▸ **How to complete this task**
Only the lines from the one containing "A級順位戦1回戦の対局開始を" through the end of the data are wanted, reproduced exactly and without pictures.

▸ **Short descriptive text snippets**
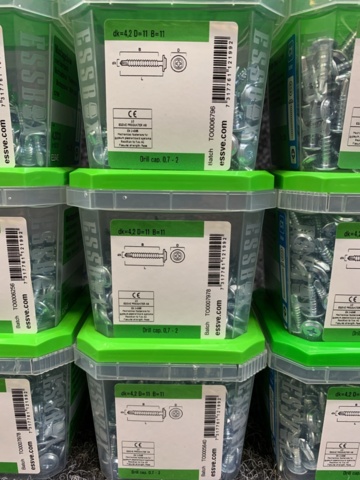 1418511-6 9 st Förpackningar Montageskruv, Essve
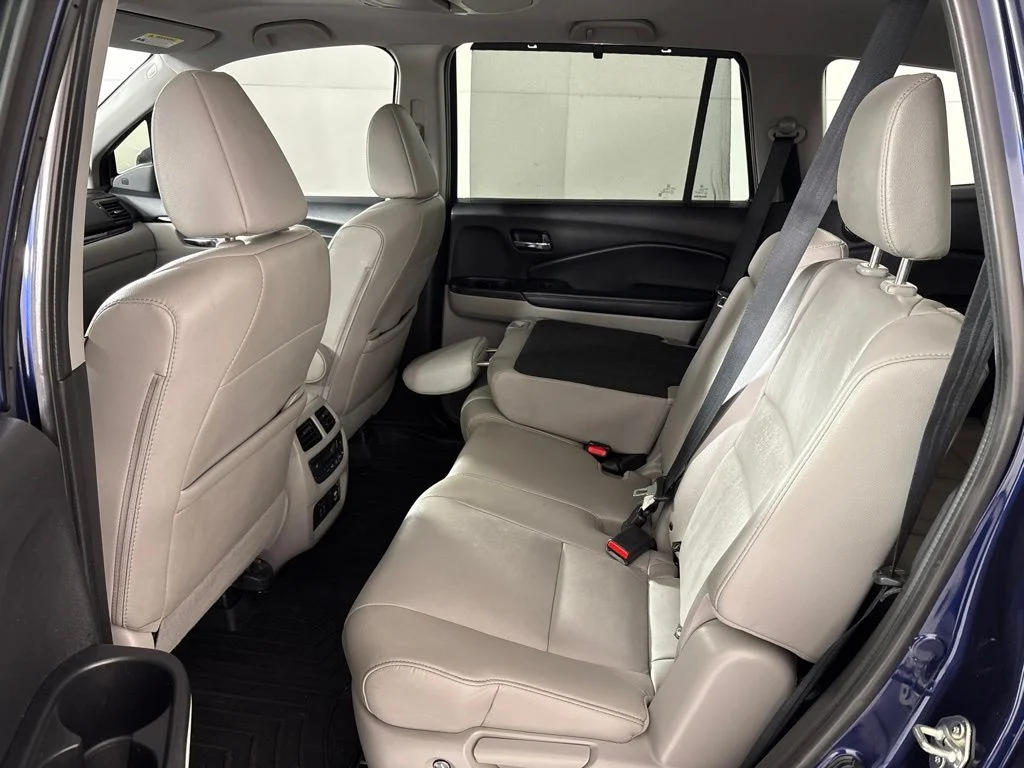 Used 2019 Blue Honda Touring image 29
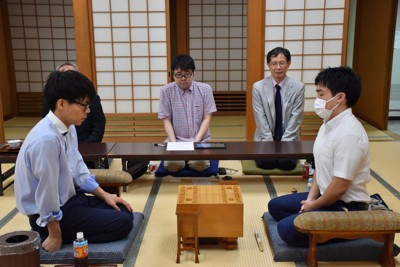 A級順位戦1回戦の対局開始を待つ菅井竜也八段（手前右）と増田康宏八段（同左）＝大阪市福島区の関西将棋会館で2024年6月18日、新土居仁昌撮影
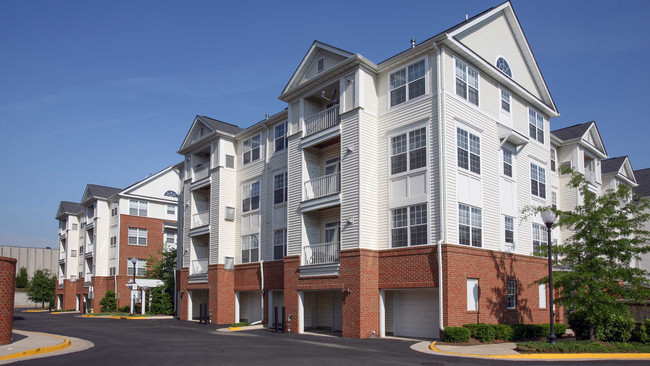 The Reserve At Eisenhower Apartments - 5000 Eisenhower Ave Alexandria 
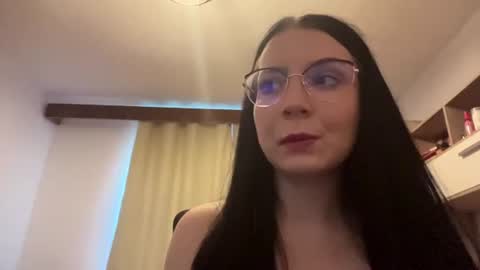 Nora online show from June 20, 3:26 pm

▸ **Solution**
 A級順位戦1回戦の対局開始を待つ菅井竜也八段（手前右）と増田康宏八段（同左）＝大阪市福島区の関西将棋会館で2024年6月18日、新土居仁昌撮影
 The Reserve At Eisenhower Apartments - 5000 Eisenhower Ave Alexandria 
 Nora online show from June 20, 3:26 pm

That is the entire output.